Turunan asam arilasetat dan heteroarilasetat memiliki aktivitas cukup tinggi namun efek samping pada saluran cerna cukup besar. Contoh : diklofenak, ibuprofen, ketoprofen, fenoprofen, namoksirat, dan fenbufen
Hubungan struktur aktivitas turunan asam arilasetat dan heteroarilasetat
1. Mempunyai gugus karboksil atau
ekivalennya seperti asam enolat, asma hidroksamat, sulfonamida, tetrasol yang
terpisah oleh 1 atom C dari inti aromatik datar.
2.
Adanya gugus α-metil pada rantai samping asetat dapat meningkatkan
aktivitas antiradang. Contoh : ibufenak tidak mempunyai gugus α-metil dan
bersifat hepatotoksik. Makin panjang rantai C, aktivitas semakin rendah.
3.
Adanya α-substitusi senyawa bersifat
optis aktif dan kadang-kadang isomer 1 lebih aktif dibanding yanglain.
Konfigurasi yang aktif adalah bentuk isomer S. Contoh : S(+) ibuprofen lebih
aktif dibanding isomer (-).

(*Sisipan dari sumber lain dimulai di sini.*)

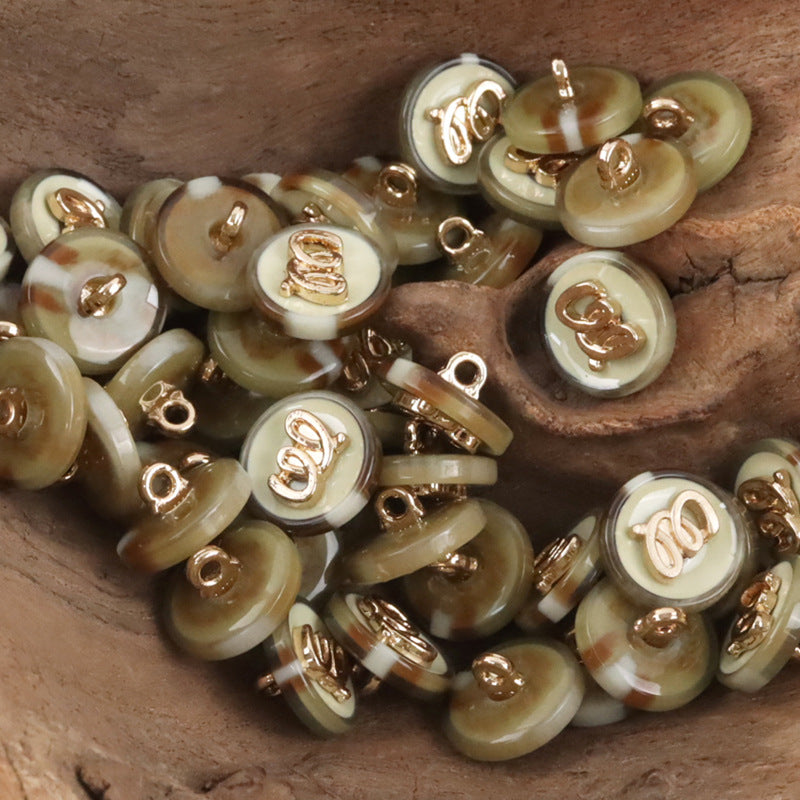 Retro Resin-Knöpfe, viele rund; goldene Ösen; transparente Farben in beige/braun/grün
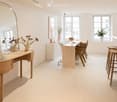 Modern, minimalist room with a vanity table, a large mirror, a marble dining table with chairs, and wooden stools near a window.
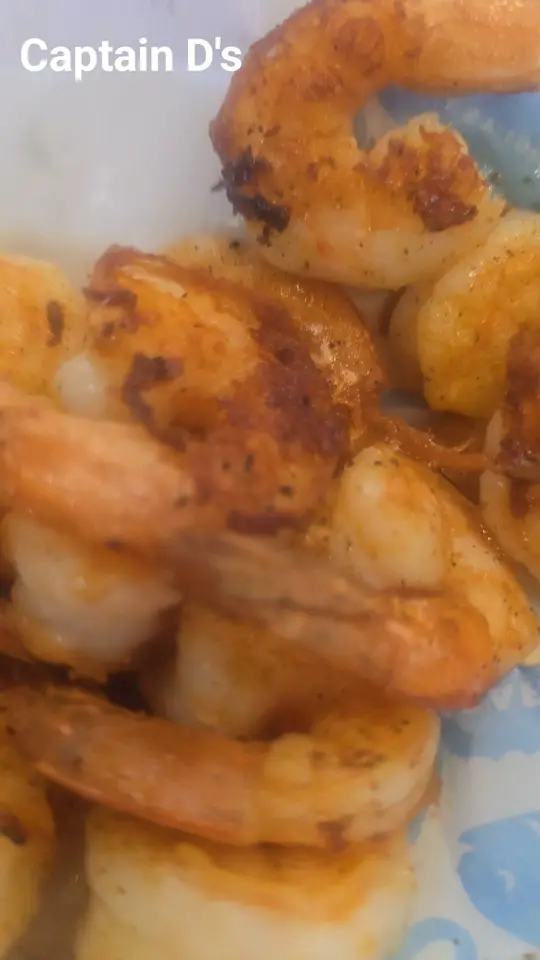 Captain D's in Columbus showing food, black chesapeake grilled shrimp, video by April Jones Young on Facebook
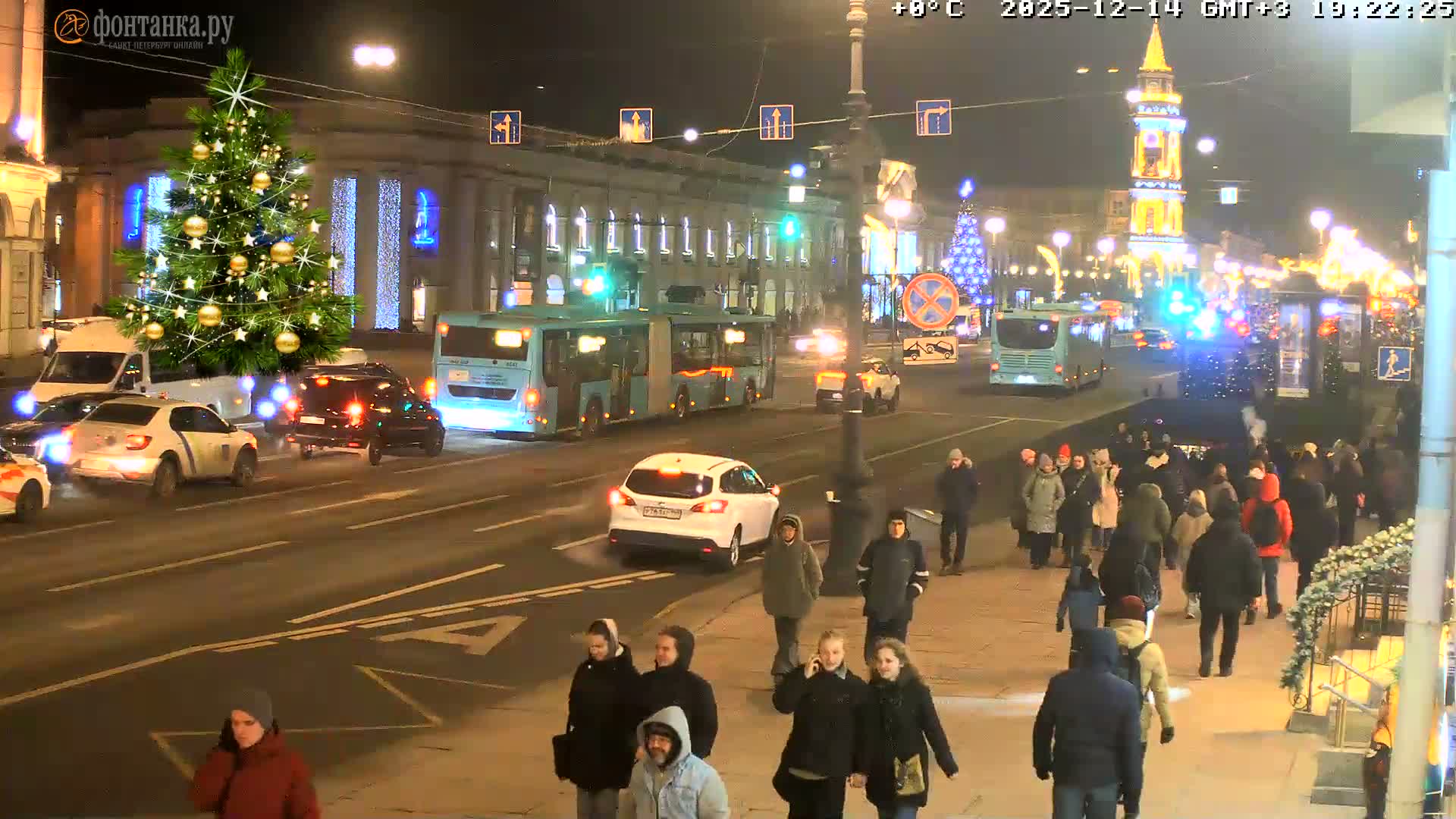 An overcast daytime city scene features a large decorated Christmas tree next to a busy road with numerous cars, a prominent sidewalk filled with pedestrians, and classical buildings with a distant clock tower under a grey sky.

Sedangkan isomer (+) dan (-) fenoprofen mempunyai
aktivitas yang sama.
4.
Mempunyai gugus hidrofob yang terikat pada C inti aromatik pada posisi meta
atau para dari gugus asetat.
5. Turunan ester dan amida juga memunyai
aktivitas antiradang karena secara in vivo dihidrolisis menjadi bentuk asamnya.
VI. Turunan Oksikam
Turunan ini umumnya bersifat asam, mempunyai efek antiradang, analgesik, antipiretik, efektif untuk pengobatan simtomatik rematik atritis, osteoartritis, dan antipirai.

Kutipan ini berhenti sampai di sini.